Without a partition index, when Spark queries a partitioned table, Glue Data Catalog returns all partitions via GetPartitions API. Spark then lists S3 objects for each partition — each object read triggers a kms:Decrypt call. With a partition index, Glue does server-side partition filtering, returning only matching partitions — fewer S3 objects to read — fewer Decrypt calls.

Step 1: Baseline — Query WITHOUT partition index

spark.sql("SELECT * FROM default.`kms-demoevents` WHERE year='2000' AND month='04'").count()

Then check CloudTrail for kms:Decrypt call count.

CloudTrail Decrypt call WITHOUT partition index using EMR Spark job

Step 2: Add partition index and query WITH partition index

In the AWS Management Console or via AWS CLI, create partition indexes for year and month. Then check CloudTrail for kms:Decrypt call count now.
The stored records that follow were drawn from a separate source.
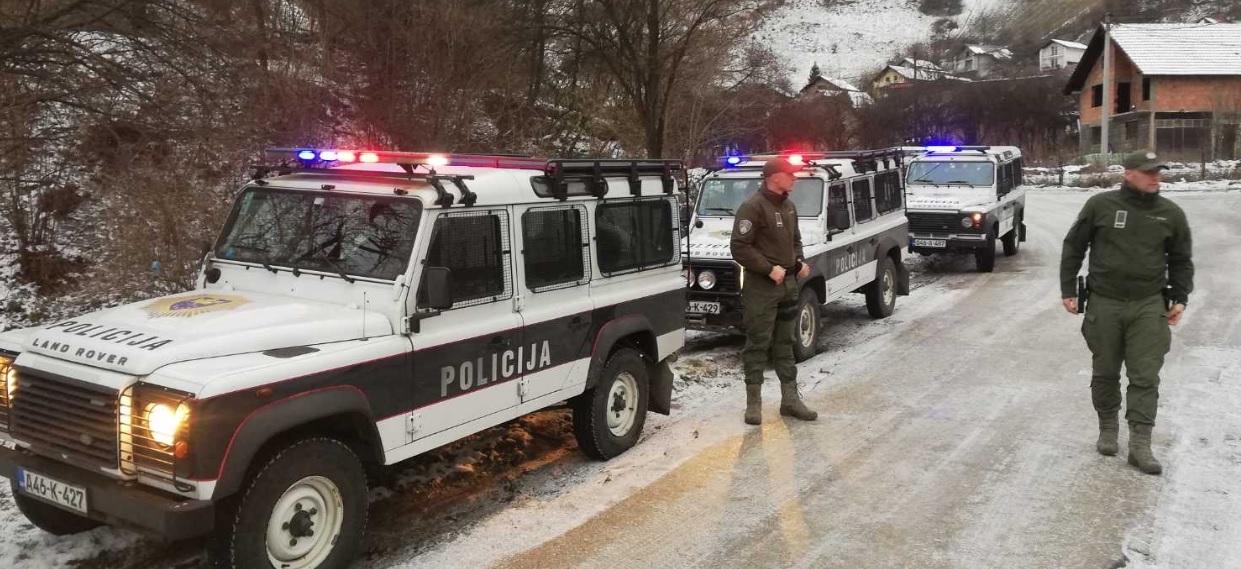 Brojne policijske ekipe na terenu - Avaz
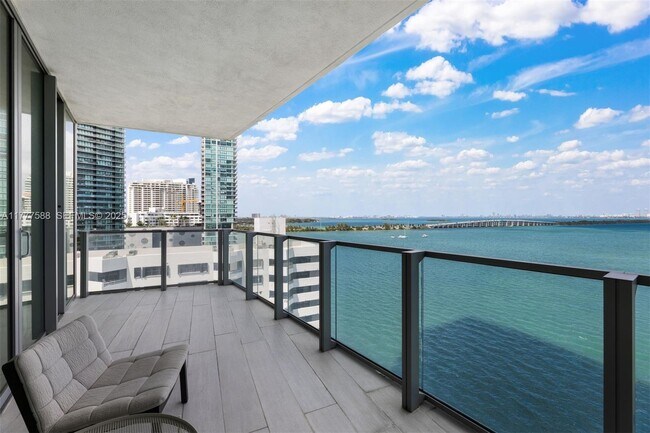 Building Photo - 2900 NE 7th Ave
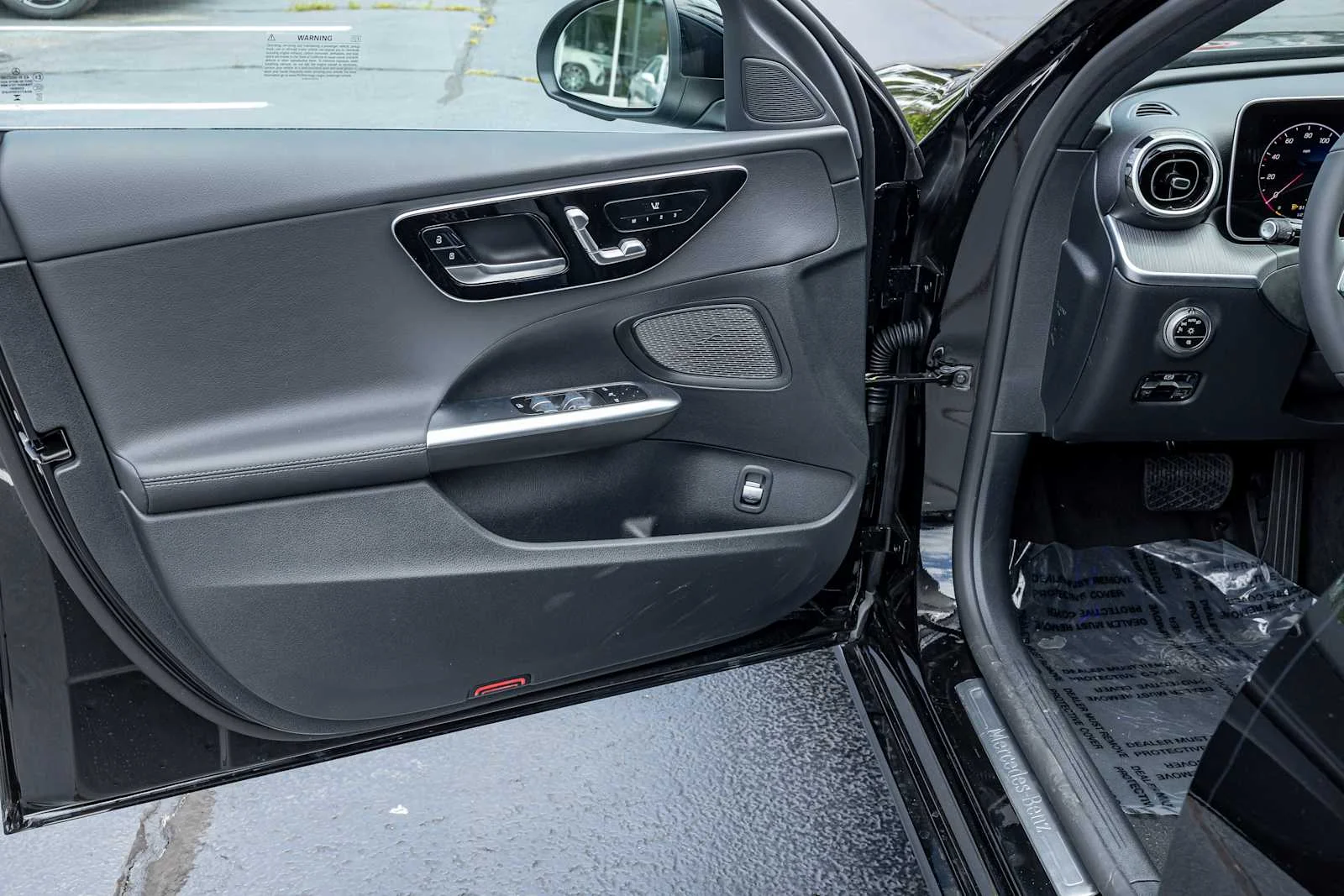 2025 Mercedes-Benz C-Class Sedan C 300 - Photo 8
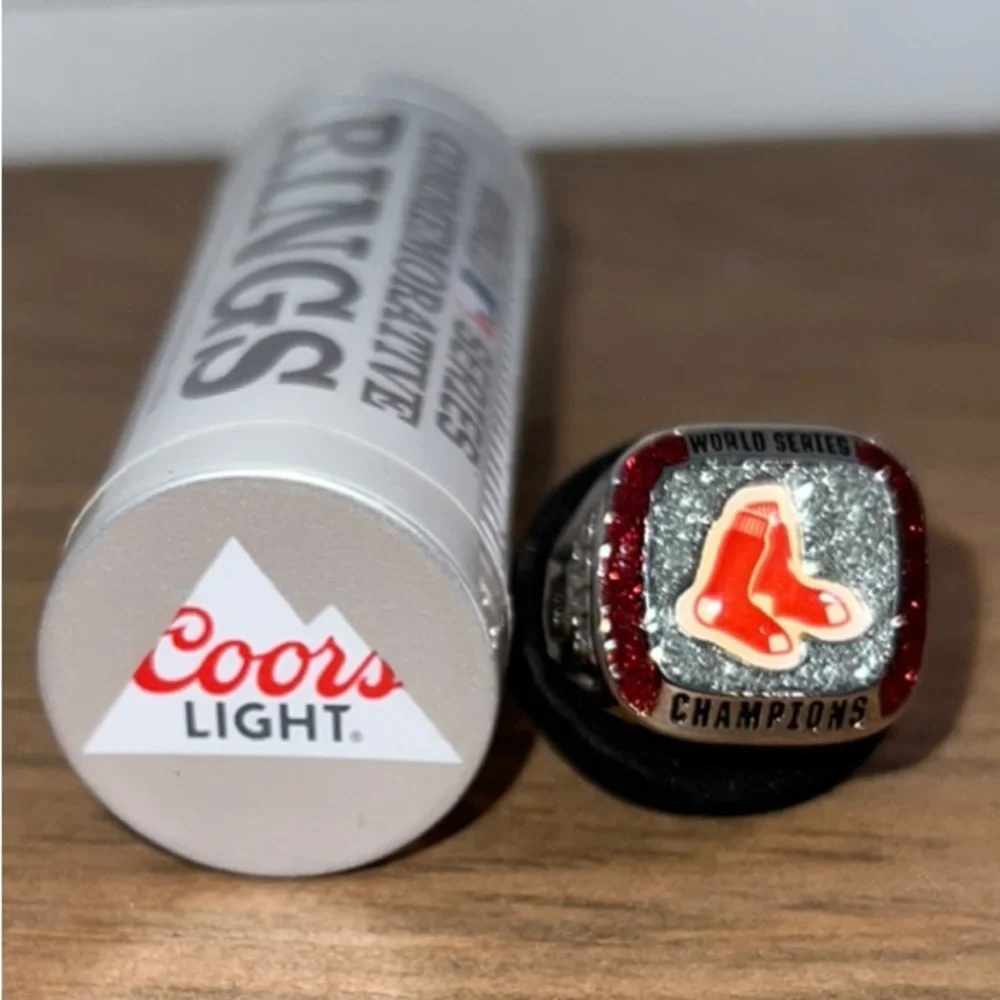 Boston Red Sox Commemorative 2013 Champions Ring - Picture 2 of 10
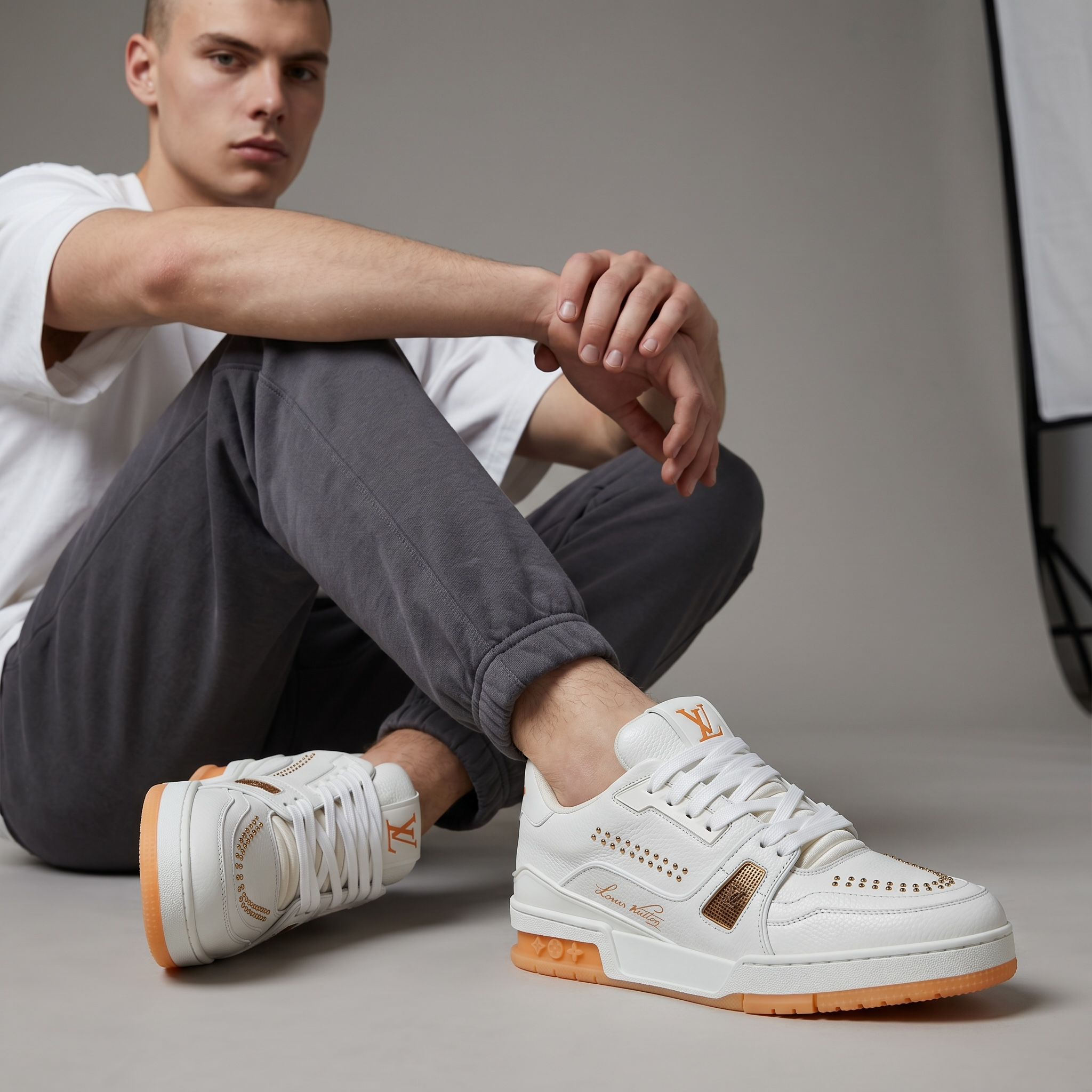 🤍🧡 Louis Vuitton Premium Court Sneakers 👟✨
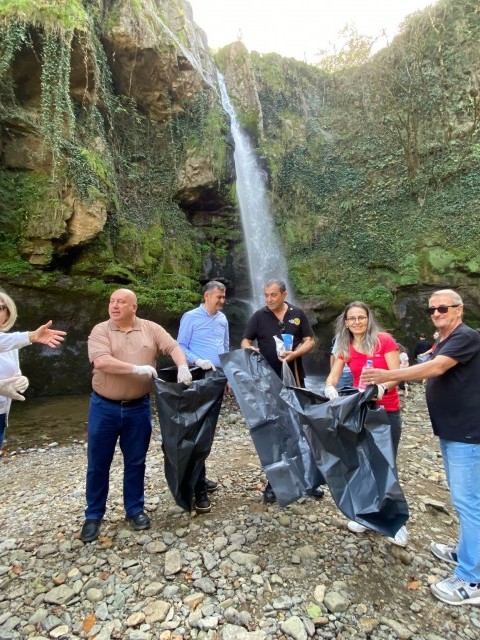 ORDU ROTARY KULÜBÜ ÇEVRE TEMİZLİĞİ İLE İLGİLİ PROJE GERÇEKLEŞTİRDİ.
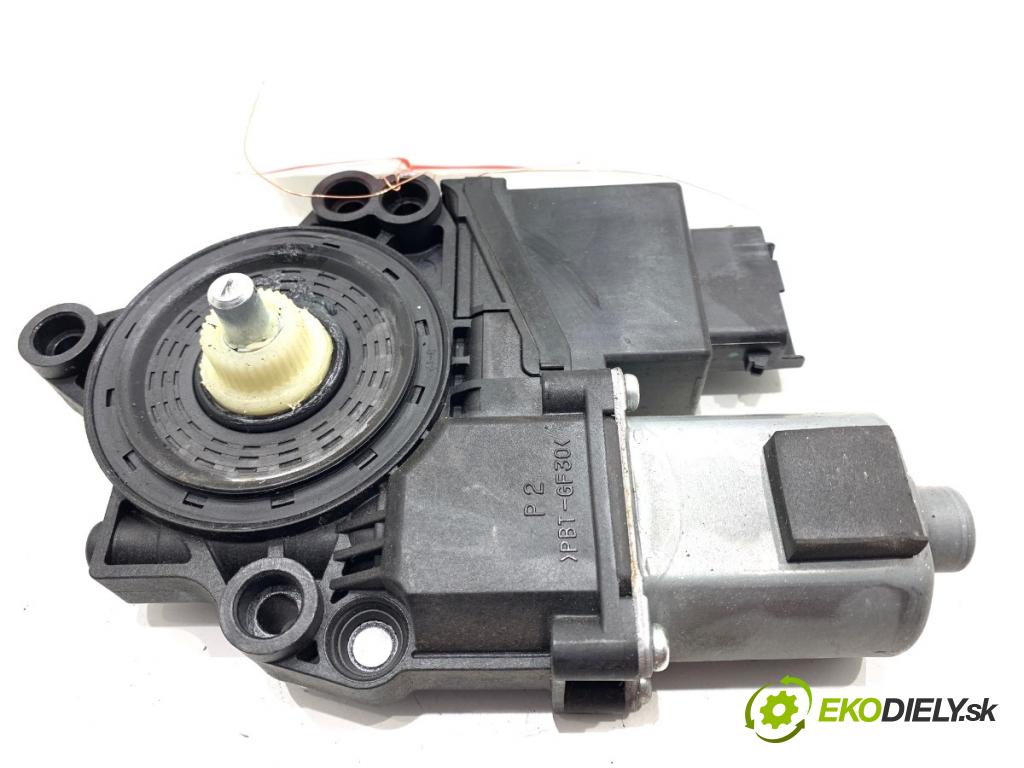 KIA CEED Kombi 2012 94 kW 1.6 CRDi 128 1582 motor sťahovaní okna levý přední část 82450-A2010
CloudTrail Decrypt call WITH partition index using EMR Spark job

Conclusion

Optimizing EMR Spark jobs ensures cost-effective and performant processing of encrypted data at scale. Techniques like file aggregation, Iceberg OTF and partition indexing offer tangible benefits in reducing operational costs. Start implementing these strategies today to transform your Spark workload efficiency and achieve significant cost savings.